How to Counter Zionist Plans to divide Middle East:
The “Bernard Lewis Plan” and an other  Zionist Plan for the establishment of greater Israel by dividing Middle East known as “Oded Yinon Plan” are being implemented. The situation in Libya, Egypt, Syria, Lebanon, Iraq and now Yemen is enough to clarify and doubts.  Formation of “Greater Israel” constitutes the cornerstone of powerful Zionist political parties, as well as within the Israeli military and intelligence establishment. According to the founding father of Zionism Theodore Herzl, “the area of the Jewish State stretches: “From the Brook of Egypt to the Euphrates.”  According to Rabbi Fischmann, “The Promised Land extends from the River of Egypt up to the Euphrates, it includes parts of Syria and Lebanon.”

When viewed in the current context, the war on Iraq, the 2006 war on Lebanon, the 2011 war on Libya, the ongoing war on Syria, not to mention the process of regime change in Egypt, and developments in Yemen, Bahrain, annexation of Arab areas in West Bank, oppression and isolation of Gaza must be understood in relation to the Zionist Plan for the Middle East. The latter consists in weakening and eventually fracturing neighboring Arab states as part of an Israeli expansionist project.
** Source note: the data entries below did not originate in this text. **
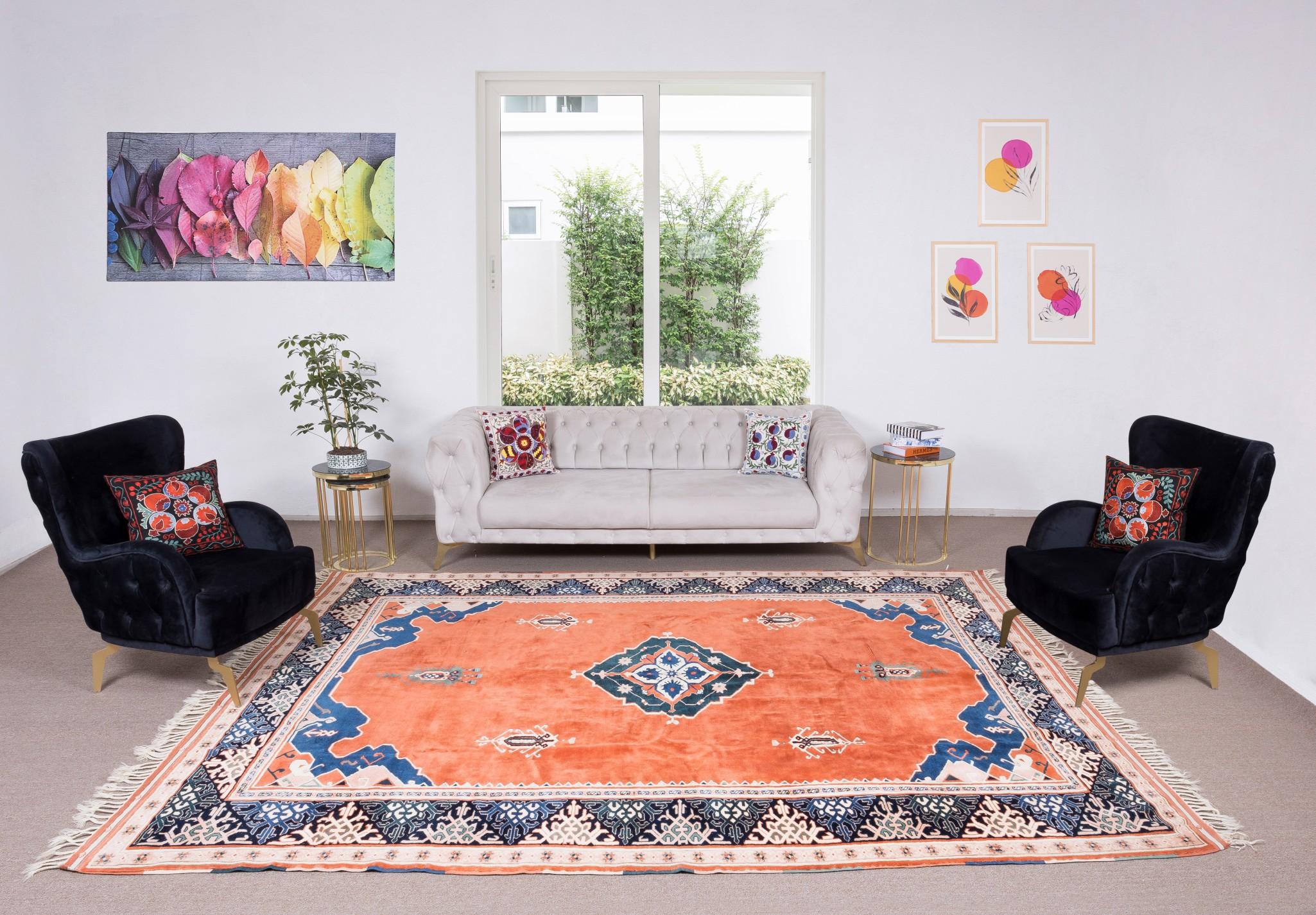 A finely hand-knotted vintage Turkish area rug from 1960s. The rug is made of medium wool pile on wool foundation. It is heavy and lays flat on the floor, in very good condition with no issues. It has been washed professionally, the rug is sturdy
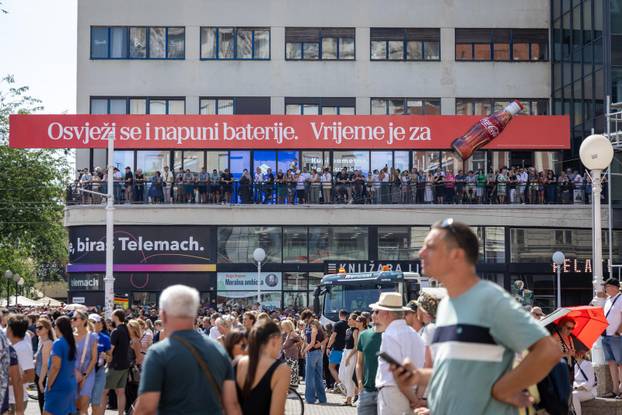 Glavni trg u Zagrebu prepun prosvjednika zbog opasnog otpada u Lici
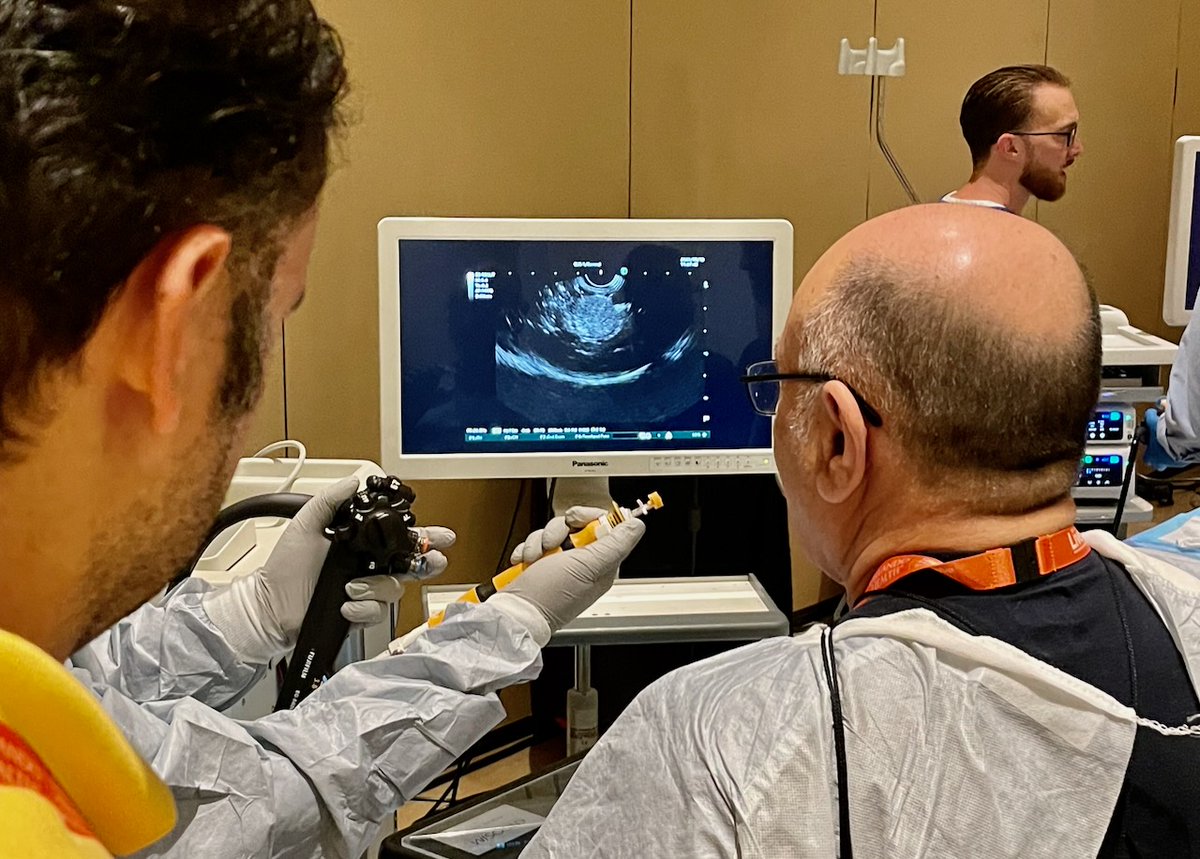 kaimatthes's tweet photo. Over 300 participants at the Florida Live EUS 2023. What a fantastic course organized by Drs. Shyam Varadarajulu and Robert Hawes. Thank you for using ENDOSIM for your hands-on workshop. #FloridaEUSLive2023 #OrlandoHealth #ENDOSIM #EvidenceBasedSimulation https://t.co/TyJD62uqrw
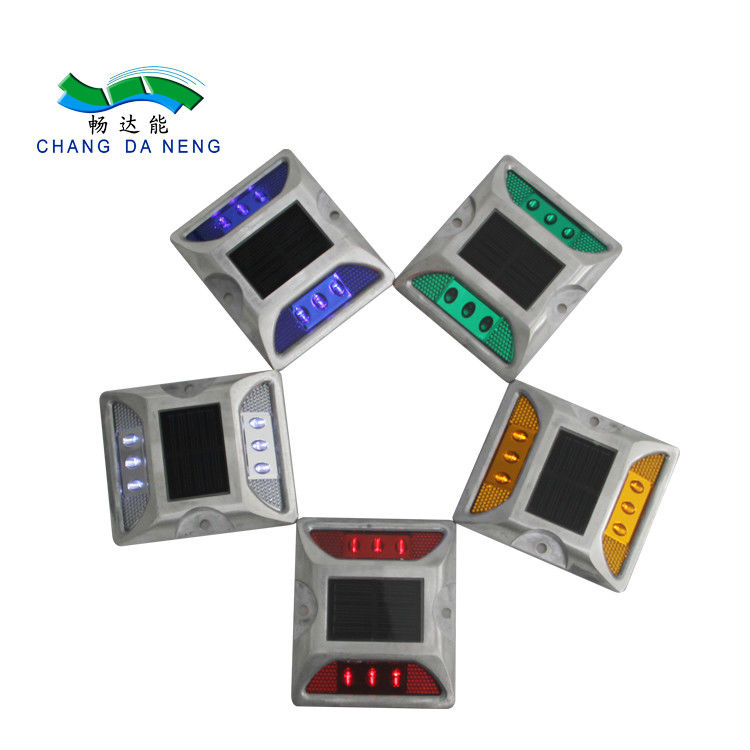 सफेद पीला लाल नीला हरा 330g 2V एलईडी सौर ऊर्जा संचालित सड़क स्टड कार्य तापमान -20C- 70C एल्यूमीनियम मिश्र धातु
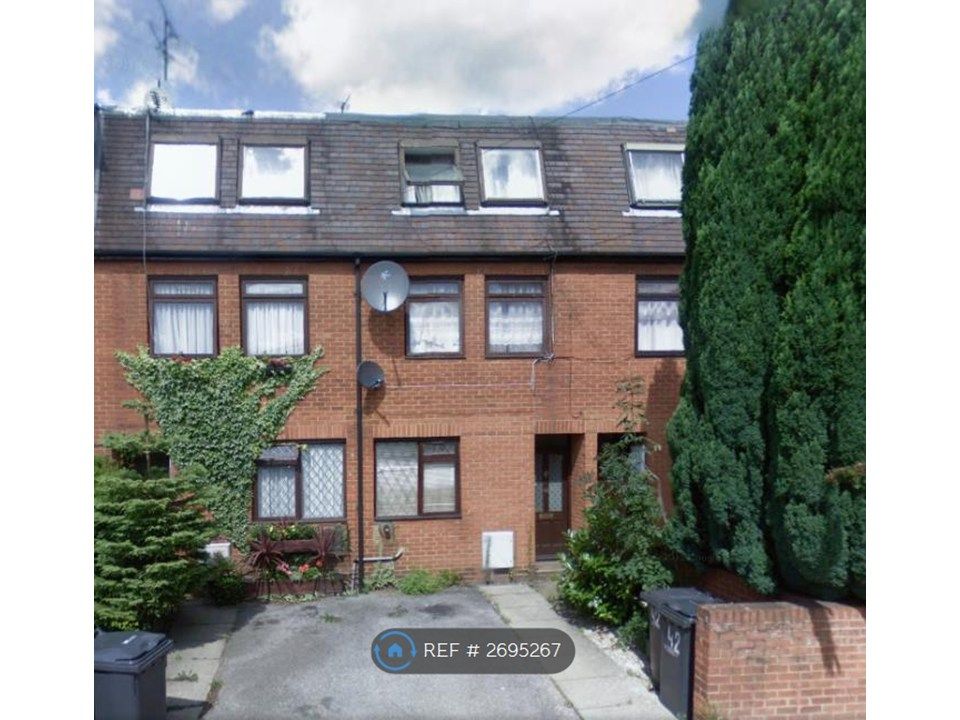 Property photo 1 of 7 Front Of Flat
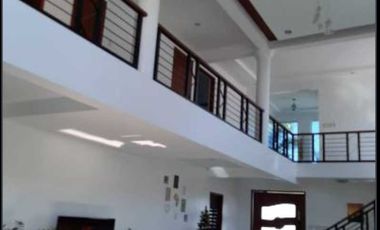 FIVE BEDROOMS HOUSE AND LOT FOR SALE IN AGELES CITY PAMPANGA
“Greater Israel” consists in an area extending from the Nile Valley to the Euphrates.
The Zionist project supports the Jewish settlement movement. More broadly it involves a policy of excluding Palestinians from Palestine leading to the eventual annexation of both the West Bank and Gaza to the State of Israel.
Greater Israel would create a number of proxy States. It would include parts of Lebanon, Jordan, Syria, the Sinai, as well as parts of Iraq and Saudi Arabia.
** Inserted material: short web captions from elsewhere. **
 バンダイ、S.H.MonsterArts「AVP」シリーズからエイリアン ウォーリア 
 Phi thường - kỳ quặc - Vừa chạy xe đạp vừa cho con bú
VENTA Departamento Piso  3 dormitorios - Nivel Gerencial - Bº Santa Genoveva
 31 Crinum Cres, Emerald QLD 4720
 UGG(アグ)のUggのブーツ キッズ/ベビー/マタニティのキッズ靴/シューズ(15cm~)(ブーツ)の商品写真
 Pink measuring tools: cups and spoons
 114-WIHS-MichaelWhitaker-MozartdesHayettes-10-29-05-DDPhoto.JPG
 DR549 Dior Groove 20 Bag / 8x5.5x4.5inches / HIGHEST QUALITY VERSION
According to Mahdi Darius Nazemroaya in a 2011 Global Research article, The Yinon Plan was a continuation of Britain’s colonial design in the Middle East:
“[The Yinon plan] is an Israeli strategic plan to ensure Israeli regional superiority. It insists and stipulates that Israel must reconfigure its geo-political environment through the balkanization of the surrounding Arab states into smaller and weaker states.
Israeli strategists viewed Iraq as their biggest strategic challenge from an Arab state. This is why Iraq was outlined as the centerpiece to the balkanization of the Middle East and the Arab World. In Iraq, on the basis of the concepts of the Yinon Plan, Israeli strategists have called for the division of Iraq into a Kurdish state and two Arab states, one for Shiite Muslims and the other for Sunni Muslims. The first step towards establishing this was a war between Iraq and Iran, which the Yinon Plan discusses.
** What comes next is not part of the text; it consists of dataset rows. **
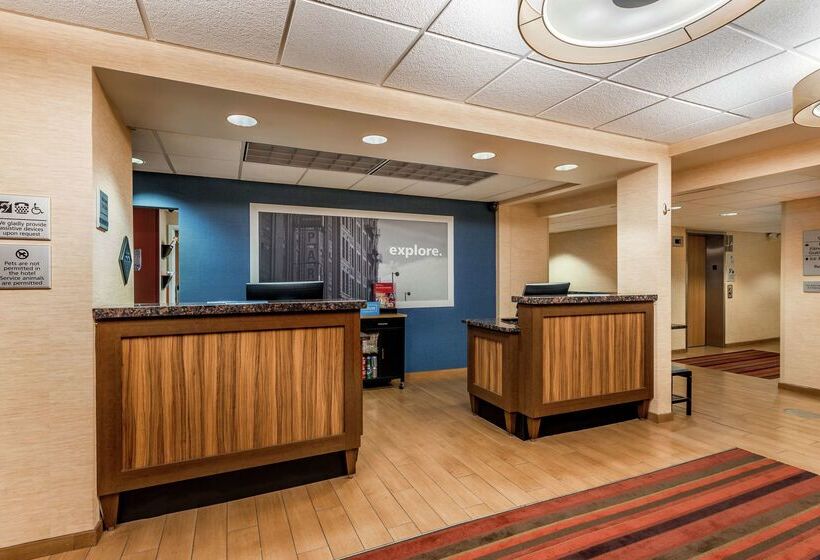 هتل Hampton Inn Milwaukee Airport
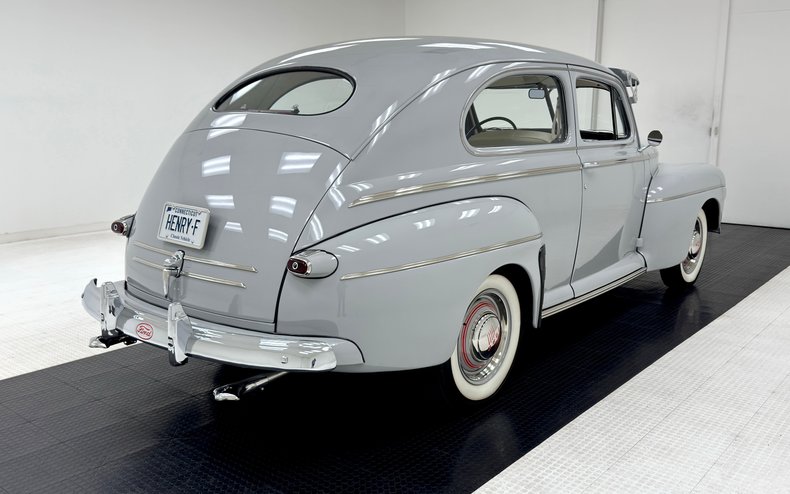 Unknown-Super-deluxe-1946-Feather-Gray-White-3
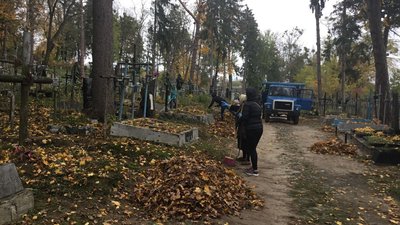 В Житомирі відбулася акція з прибирання Польського кладовища В Житомирі відбулася акція з прибирання Польського кладовища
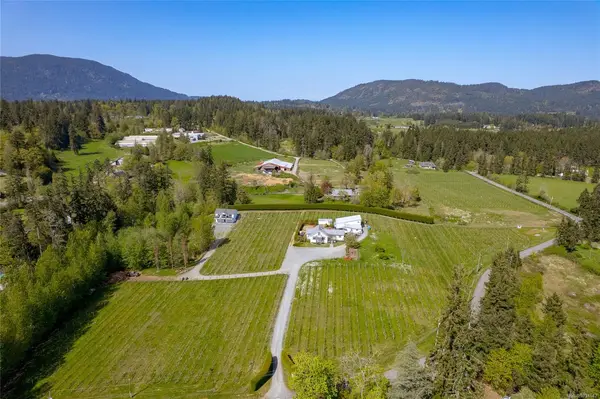 6798 Norcross Rd, Duncan BC V9L 6C3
The Atlantic, in 2008, and the U.S. military’s Armed Forces Journal, in 2006, both published widely circulated maps that closely followed the outline of the “Yinon Plan”.
Aside from a divided Iraq, which the Biden Plan also calls for, the Yinon Plan calls for a divided Lebanon, Egypt, and Syria. The partitioning of Iran, Turkey, Somalia, and Pakistan also all fall into line with these views. The Yinon Plan also calls for dissolution in North Africa and forecasts it as starting from Egypt and then spilling over into Sudan, Libya, and the rest of the region.
Greater Israel” requires the breaking up of the existing Arab states into small states.
How to Counter to Zionist Plans:
The best counter to thwart any Zionist plan for the division of Middle East in to small fragmented states is to maintain unity among Arabs at any cost, rest will follow. This is important because all Zionist plans (Oded or Lewis Bernard’s) hinges on the dis unity of Arabs. Since the issue is not regional, due to international ramifications, the unity of Arabs should be integrated with the unity of Muslims, which will also facilitate the support of  other countries on the basis of humanity, justice and peace. This shall put sufficient pressure at international level on USA and West, the real benefactors of Zionist Israel to refrain from undertaking such a venture.
Arab & Muslim Unity:
It’s not the political or geographic unity as advocated and perused by some nationalists or religious fanatics but developing broad consensus on major issues for peace and stability being the foremost. The Arab & Muslim unit may be defined as; “States coming together for an agree upon cause,  each giving of  their resource and support for the common cause, all staying united to realize cause’s fruitation and  maintaining relations after the cause has ceased.”
It can be initiated simultaneously; firstly the Arabs unity, due to common language, religion, culture, history and geographical proximity & linkage, secondly among other geographically closer predominantly Muslim countries. There could be many clusters, which may form a broader alliance for cooperation in various fields. The OIC has failed to deliver, being just a forum for discussion only. Arabs, especially Saudi Arabia can play an important role being the custodian of most holy Islamic sites, Harmain Shrefain but has to rise above the sectarianism.
Ironically just thousand years ago, the great cities of Baghdad, Damascus and Cairo took turns to race ahead of the Western world. Islam and innovation were twins. The various Arab caliphates were dynamic superpowers—beacons of learning, tolerance and trade. Yet today the Arabs are in a wretched state. Even as Asia, Latin America and Africa advance, the Middle East is held back by despotism and convulsed by war. The rulers, thinkers and intellectuals among Arab and Muslim world have failed to present counter plan to thwart the mischievous expansionist designs of Zionist.      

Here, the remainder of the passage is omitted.